ASSIGNED TASK: Your answer must be the exact lines below, starting with the line with "Empty 35mm Film" and going on through the line with "Bear Bets Washington", both included, with no pictures.

SOURCE RECORDS:

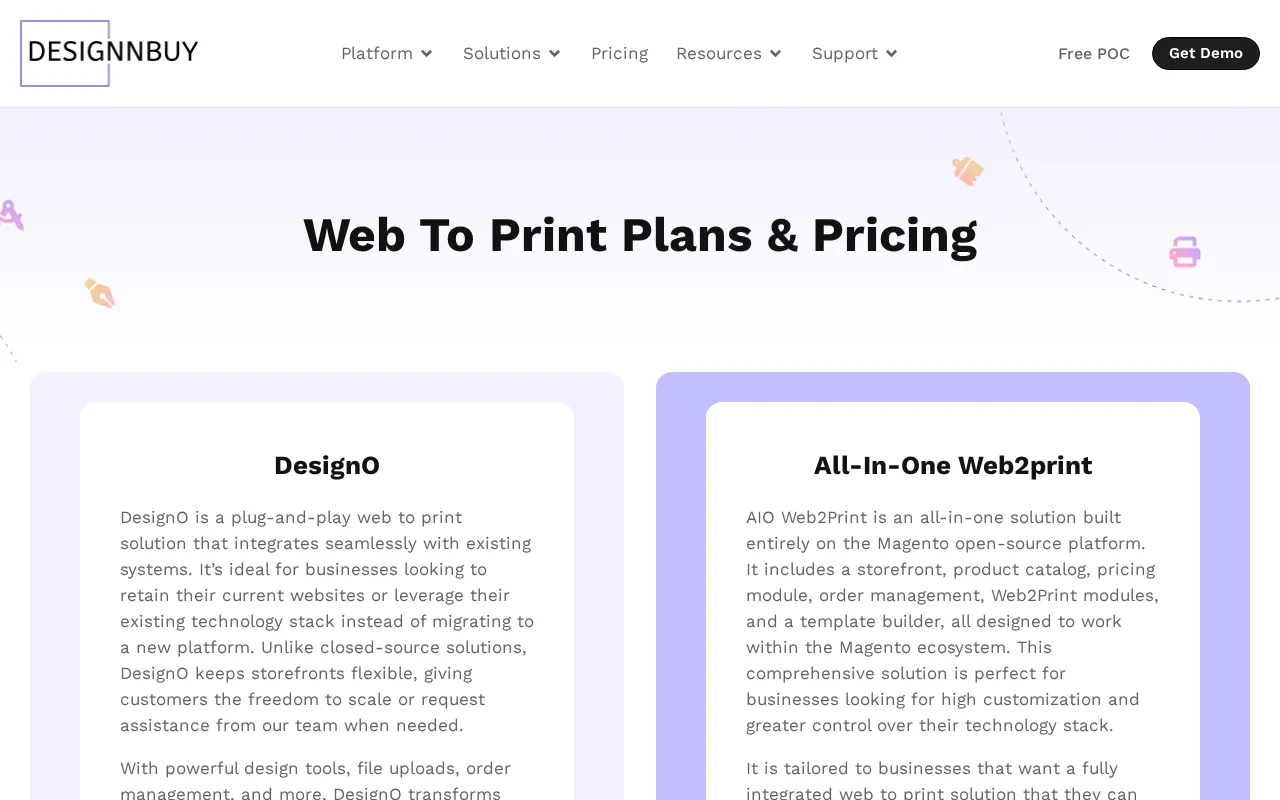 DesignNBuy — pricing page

--

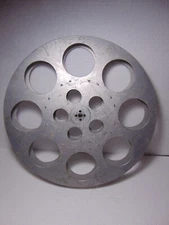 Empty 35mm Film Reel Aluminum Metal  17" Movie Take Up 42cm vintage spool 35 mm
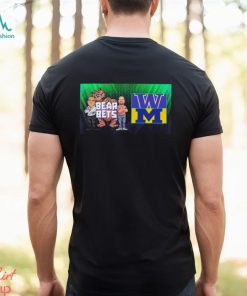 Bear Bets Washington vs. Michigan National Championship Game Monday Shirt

--

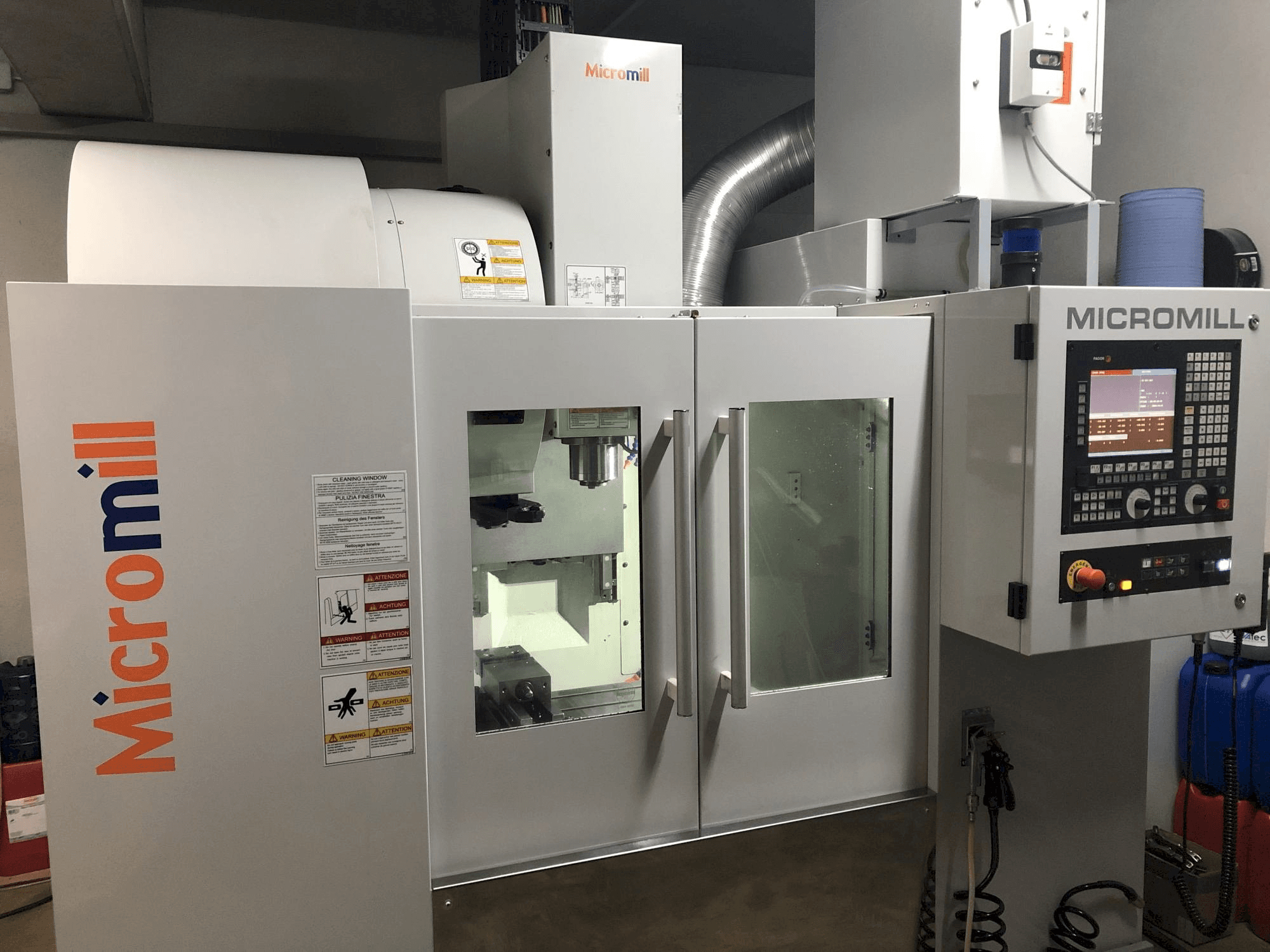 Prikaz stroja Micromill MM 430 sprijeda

ANSWER FOR THE TASK:
 Empty 35mm Film Reel Aluminum Metal  17" Movie Take Up 42cm vintage spool 35 mm
 Bear Bets Washington vs. Michigan National Championship Game Monday Shirt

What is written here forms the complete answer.